Sprinkle a work surface with 1 tablespoon flour and turn the dough onto the flour. Knead gently until the dough is smooth and no longer sticky, about 1 minute, adding an additional 1 to 2 tablespoons flour only if the dough is unworkably sticky. Place the dough in a large bowl, cover the bowl tightly with plastic wrap, and let the dough rise in a warm place (about 70°F) until doubled in size, 45 to 60 minutes. Press the dough gently with a fingertip. If the indentation remains, the dough is ready for the next step.
Make the filling: While the dough is rising, mix together in a small bowl either the sugar, lemon zest, and orange zest, or the cinnamon and brown sugar. Set aside.
Assemble and bake the cake: Adjust the oven rack to the center position and preheat the oven to 350°F. Line a 9-by-5-by-3-inch loaf pan with parchment using this awesome trick from Alice Medrich: wrap the outside of the pan as if you were wrapping a gift, then take the folded parchment and ease it into the pan. Brilliant!
On a lightly floured work surface, roll out the dough into a 20-by-12-inch rectangle. Cut the dough crosswise into 5 strips, each about 12 by 4 inches. (A pizza cutter is helpful here.) Using a pastry brush, spread the melted butter generously over each strip of dough. Sprinkle 1 1/2 tablespoons of the filling over each rectangle. Then stack the 5 rectangles on top of each other. Work carefully when adding the crumbly zest filling, or it will fall off when you have to lift the stacked pastry later.

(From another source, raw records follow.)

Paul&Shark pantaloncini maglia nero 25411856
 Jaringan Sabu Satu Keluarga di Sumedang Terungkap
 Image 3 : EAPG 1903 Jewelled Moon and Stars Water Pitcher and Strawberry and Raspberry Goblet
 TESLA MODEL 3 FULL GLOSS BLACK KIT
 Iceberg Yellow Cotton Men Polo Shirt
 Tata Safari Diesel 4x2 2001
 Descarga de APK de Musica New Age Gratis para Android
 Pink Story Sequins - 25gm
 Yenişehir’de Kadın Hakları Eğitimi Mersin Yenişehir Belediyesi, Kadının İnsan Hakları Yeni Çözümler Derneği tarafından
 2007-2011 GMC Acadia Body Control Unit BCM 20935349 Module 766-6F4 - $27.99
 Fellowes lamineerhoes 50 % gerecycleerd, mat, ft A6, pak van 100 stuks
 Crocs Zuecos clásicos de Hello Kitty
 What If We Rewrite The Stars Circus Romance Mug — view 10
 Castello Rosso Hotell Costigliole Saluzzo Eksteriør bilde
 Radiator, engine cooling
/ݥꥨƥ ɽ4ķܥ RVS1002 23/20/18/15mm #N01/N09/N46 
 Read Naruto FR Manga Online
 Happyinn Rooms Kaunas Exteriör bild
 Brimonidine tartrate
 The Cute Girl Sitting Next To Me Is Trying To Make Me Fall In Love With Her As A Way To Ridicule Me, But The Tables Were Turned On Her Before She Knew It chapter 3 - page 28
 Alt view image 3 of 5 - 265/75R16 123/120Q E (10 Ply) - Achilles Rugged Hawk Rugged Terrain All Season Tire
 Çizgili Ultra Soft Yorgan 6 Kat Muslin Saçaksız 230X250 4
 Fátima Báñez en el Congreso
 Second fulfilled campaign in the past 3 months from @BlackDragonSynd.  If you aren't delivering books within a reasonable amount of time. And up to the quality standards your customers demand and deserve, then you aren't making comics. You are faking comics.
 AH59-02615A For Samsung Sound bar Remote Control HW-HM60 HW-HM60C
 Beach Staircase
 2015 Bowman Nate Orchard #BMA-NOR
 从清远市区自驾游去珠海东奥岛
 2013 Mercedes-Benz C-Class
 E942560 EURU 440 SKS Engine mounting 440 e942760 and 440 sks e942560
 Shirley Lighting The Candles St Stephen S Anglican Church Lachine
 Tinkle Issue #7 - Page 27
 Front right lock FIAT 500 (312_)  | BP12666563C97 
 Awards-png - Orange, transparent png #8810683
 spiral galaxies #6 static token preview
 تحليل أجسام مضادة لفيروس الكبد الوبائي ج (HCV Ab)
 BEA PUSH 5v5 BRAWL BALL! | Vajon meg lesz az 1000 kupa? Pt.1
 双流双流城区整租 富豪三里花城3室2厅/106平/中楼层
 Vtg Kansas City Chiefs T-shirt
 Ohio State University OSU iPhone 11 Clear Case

Slice crosswise through the 5-layer stack to create 6 equal strips, each about 4 by 2 inches. Fit these layered strips into the prepared loaf pan, cut edges up and side by side. (Flo Braker recommends fitting the pieces widthwise in the pan, which creates a taller loaf with lots of room on either side. I opted to stack them widthwise, which was quite tight but rose into a shape I liked more. Your choice.) Loosely cover the pan with plastic wrap and let the dough rise in a warm place (70 °F) until puffy and almost doubled in size, 30 to 50 minutes. Bake the coffee cake until the top is golden brown, 30 to 35 minutes. Transfer to a wire rack and let cool in the pan for 10 to 15 minutes, then remove from the pan.
Frost the cake (optional): Combine cream cheese and sugar, and mash/whisk with a fork until fully incorporated. Add milk (and lemon juice, if making lemon bread), and mix vigorously with fork or electric mixer until very smooth. Set cake on the sheet of parchment used for baking, and drizzle with glaze using a fork or brush using a pastry brush. Serve warm.
Word to the wise: day-old slices of this bread could use a spin in the toaster, but boy are they amazing post-toast.